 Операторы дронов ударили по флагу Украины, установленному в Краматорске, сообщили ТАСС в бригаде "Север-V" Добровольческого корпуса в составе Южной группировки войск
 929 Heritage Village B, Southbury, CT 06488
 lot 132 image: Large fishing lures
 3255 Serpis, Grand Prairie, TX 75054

==

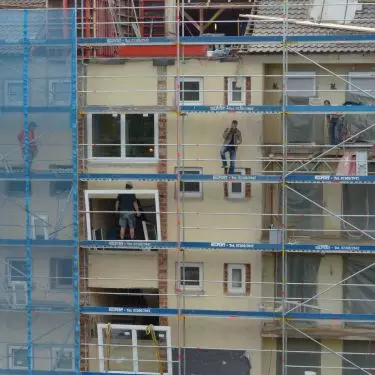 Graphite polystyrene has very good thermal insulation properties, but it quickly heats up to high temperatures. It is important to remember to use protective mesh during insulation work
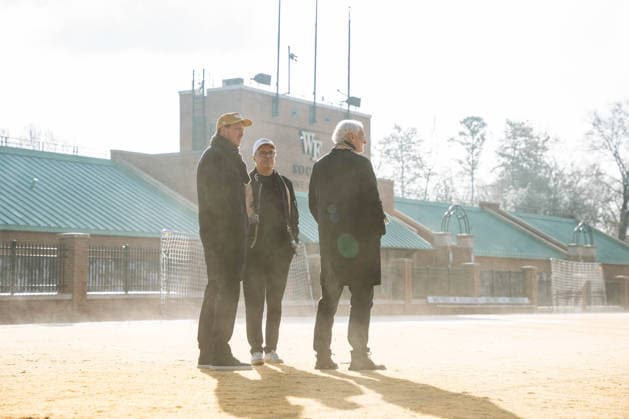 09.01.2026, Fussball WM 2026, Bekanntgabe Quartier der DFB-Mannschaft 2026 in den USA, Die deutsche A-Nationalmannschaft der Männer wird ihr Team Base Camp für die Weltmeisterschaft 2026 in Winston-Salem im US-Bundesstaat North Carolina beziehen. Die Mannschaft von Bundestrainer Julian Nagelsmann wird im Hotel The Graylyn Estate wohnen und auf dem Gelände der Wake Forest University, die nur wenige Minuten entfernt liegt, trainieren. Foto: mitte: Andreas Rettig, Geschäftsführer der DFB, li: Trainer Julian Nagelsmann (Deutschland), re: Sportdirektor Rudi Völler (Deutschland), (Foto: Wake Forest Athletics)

_What is being asked_: What is needed is an exact copy of the lines above, from the one containing "929 Heritage Village B, Southbury, CT 06488" through the one containing "3255 Serpis, Grand Prairie, TX 75054", with nothing added.

_Reply_:
 929 Heritage Village B, Southbury, CT 06488
 lot 132 image: Large fishing lures
 3255 Serpis, Grand Prairie, TX 75054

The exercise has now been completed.